All these "despot" countries wanting their gold back eh, Germany ........Austria, the Dutch central bank secretly buying 120 tonnes...crazy conspiracy stuff.
Niether of those two blogs I read or subscribe too. ;-)

"The current hoarders of gold want the anonymity, because they like underworld transactions."

So...are central banks included in that warped view on hoarding gold then? Jezz

Is Bitcoin being used by just non despots?

https://techcrunch.com/2016/02/03/lets-be-honest-about-the-problems-with...

http://www.nzherald.co.nz/nz/news/article.cfm?c_id=1&objectid=11734917

The assets we have are thankfully in Australia, plus the Taxpayers will be delighted, only 80 passengers went along for the ride...in our countries finest, with our countries finest.
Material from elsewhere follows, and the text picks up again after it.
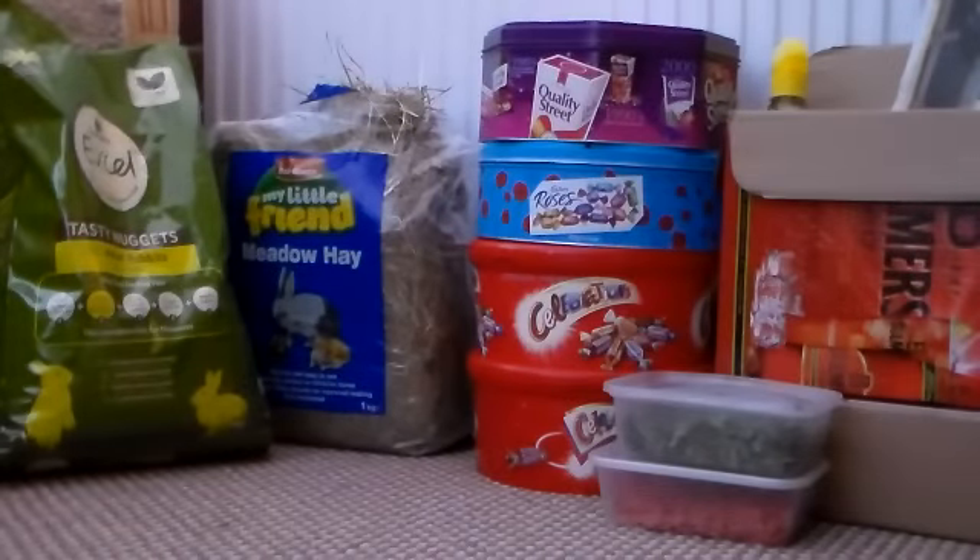Hi everyone. It was requested for me to show you all of Rosie's indoor supplies and the organisation that I have. As you can see, it's all organised into tins and tubs and boxes, and then the things to the left are just kept in the bags. I'll start off by showing you her food.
It could have been worse, at least the Indian Continent will not have to put em up for so long. Aussies will get the largess and we will get the Bill.

Or were we paying for that double or quits ...as usual.??

Whichever way, the problem is compounded.....wonder if we paid for Travel Insurance...too??.

I do hate to be negative about our Dear Leader, but surely a Free Trade deal, means we win, not lose money, on all his exploits.

Wasting money is not making money, no matter which way the dollar is sliced, apportioned and distributed.

Especially when the Taxpayer is taken for a free ride, for key figures with our money to burn.

Buy the way, cannot one first class ticket, be enough for our dear leader.

Cannot he speak for himself. Or does he have an entourage of 80 to spin the deal for him and keep him company, whilst he glad hands his way around the Indian Continent.

Are we not in enough debt yet, might I ask.?

Will these expenses be tax deductible....or a burden for years to come.??

I am beginning to wonder...Just asking?...cos I fear I know just who is gonna pay and who is gonna be jetting around at our expense.

..pretty unreasonable Herald commentary. Any plane can have a system warning error. Credit to the piilot for not overidiing it due to pressure. Expect a some sort of trade annoucement... why else is he going with such an entourage of press?

That is a very bizarre Herald commentary. I don't think many men would be overly surprised that a plane can break down let alone get enraged about it.

Watch out you don't trigger this radical with the presumption of "men"...

Block chain technology is being pursued by the banks as they move us to a cashless society. This is of course being pushed to negate money laundering, criminality, cash jobs by tradies who aren't paying tax etc. As the globe moves to negative interest rates, cash must be removed from the system to prevent a run on the banks. I mean who would give out money expecting less back. People will and are increasingly keeping money out of the bank and hoarding it. This is why the 500 Euro note is no longer put in circulation and we have bankers talk about doing away with the USA 100 and NZ 100 notes.

Blockchain technology is being pursued because the finance industry thinks it may be cheaper to implement and operate than current systems.

As for cash, well this is driven by governments, who do not like the idea of unregulated (whoops, I mean untaxed) commerce. A non-cash financial landscape also makes it easier to push the cost of any future system failures onto the depositor.

Once again, the risk is being moved away from those who create it.

It sucks. Imagine only having as much money as the government says you have. But as a plus, you can keep it for as long as they say you can.